Like any other human being, one thing that I was but no longer claim ownership of was my past self. Mindset, life goal, friend groups, the languages that I speak, favorite genre of music, as well as physique, all of which are dynamic pieces of one’s identity. More so, as someone who graduated from teenhood not too long ago, I cannot help but feel cringe-worthy and greet the 14-year-old self with lampoon whenever I take a retrospective look. I am no longer a zealous kid who vows to start a band that carries on the legacy of My Chemical Romance, spends hours on Minecraft seeking Herobrine, proclaims Noir films are superior after viewing one movie, and dresses in black hoodies 24/7 for no apparent reason. At some point in time, I no longer see the current self as superior or even more mature, due to the fear of being outdated, out-cooled, and out-woked by a future version of self as well as the things that are long lost and I know for certain will trigger nostalgic thoughts sometimes in the future.

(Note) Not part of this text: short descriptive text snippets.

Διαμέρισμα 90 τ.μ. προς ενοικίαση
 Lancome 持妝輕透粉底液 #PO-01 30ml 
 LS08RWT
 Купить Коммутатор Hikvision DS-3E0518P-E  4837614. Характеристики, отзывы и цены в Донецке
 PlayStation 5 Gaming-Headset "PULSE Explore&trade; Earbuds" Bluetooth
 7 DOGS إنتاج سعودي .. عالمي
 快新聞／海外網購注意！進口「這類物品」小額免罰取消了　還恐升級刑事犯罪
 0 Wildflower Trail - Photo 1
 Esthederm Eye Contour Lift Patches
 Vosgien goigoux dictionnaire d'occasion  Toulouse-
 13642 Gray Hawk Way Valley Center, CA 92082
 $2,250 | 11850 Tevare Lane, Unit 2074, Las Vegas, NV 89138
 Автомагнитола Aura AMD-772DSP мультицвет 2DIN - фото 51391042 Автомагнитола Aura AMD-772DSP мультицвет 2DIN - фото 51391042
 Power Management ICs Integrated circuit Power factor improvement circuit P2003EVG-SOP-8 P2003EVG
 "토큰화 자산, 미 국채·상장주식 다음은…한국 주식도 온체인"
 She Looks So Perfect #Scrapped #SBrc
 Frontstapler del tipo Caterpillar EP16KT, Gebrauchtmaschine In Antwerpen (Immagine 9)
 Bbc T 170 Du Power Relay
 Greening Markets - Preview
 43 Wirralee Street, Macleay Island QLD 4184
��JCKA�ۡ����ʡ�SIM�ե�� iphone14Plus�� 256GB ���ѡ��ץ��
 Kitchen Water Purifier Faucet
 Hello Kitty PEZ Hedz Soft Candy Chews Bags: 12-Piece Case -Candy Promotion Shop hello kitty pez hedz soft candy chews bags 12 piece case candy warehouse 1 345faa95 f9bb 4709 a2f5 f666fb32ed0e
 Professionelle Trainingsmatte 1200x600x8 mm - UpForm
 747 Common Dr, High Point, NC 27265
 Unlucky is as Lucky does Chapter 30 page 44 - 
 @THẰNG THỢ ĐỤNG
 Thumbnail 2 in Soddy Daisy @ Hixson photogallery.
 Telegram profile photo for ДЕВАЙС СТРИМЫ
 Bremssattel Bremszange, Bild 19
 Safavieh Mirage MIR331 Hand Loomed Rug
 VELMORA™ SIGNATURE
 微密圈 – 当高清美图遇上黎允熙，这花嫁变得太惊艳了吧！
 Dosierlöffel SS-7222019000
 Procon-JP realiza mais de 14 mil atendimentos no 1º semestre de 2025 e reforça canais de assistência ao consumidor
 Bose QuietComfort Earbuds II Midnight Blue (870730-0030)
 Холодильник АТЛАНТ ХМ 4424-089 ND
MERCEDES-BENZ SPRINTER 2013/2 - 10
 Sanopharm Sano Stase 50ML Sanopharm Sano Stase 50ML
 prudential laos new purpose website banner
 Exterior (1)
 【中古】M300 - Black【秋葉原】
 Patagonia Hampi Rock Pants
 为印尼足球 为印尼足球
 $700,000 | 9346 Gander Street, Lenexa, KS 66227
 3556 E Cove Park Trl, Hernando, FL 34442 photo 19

Still, I feel gleeful being able to bear a growth mindset for the most part rather than stagnate despite the occasional guilt, generated by the reminder that the core ingredient of betterment is betrayal: we are all traitors to our past. On second thought, how can one grow and develop without constantly metamorphosizing from their past selves? My identity was cast in a trajectory and subjected to free fall at the moment of my nascence: every snapshot has its veracity and denial is far from an option. It’s more saddening than awkward to see the episodic blunders committed by my past self, the same mere annoyance when seeing my little sibling falls for the same old trick once I fell victim to (except I am the youngest child, more powers to imagination). At the end of the day, I still imagine sitting aside by the past self, uttering some words of reassurance, giving him a warm embrace that he may or may or deserve considering how bratty he was as far as I can recall. I rejoice in the fact that I am no longer him and very likely in a better place, yet again, I am glad that I was him.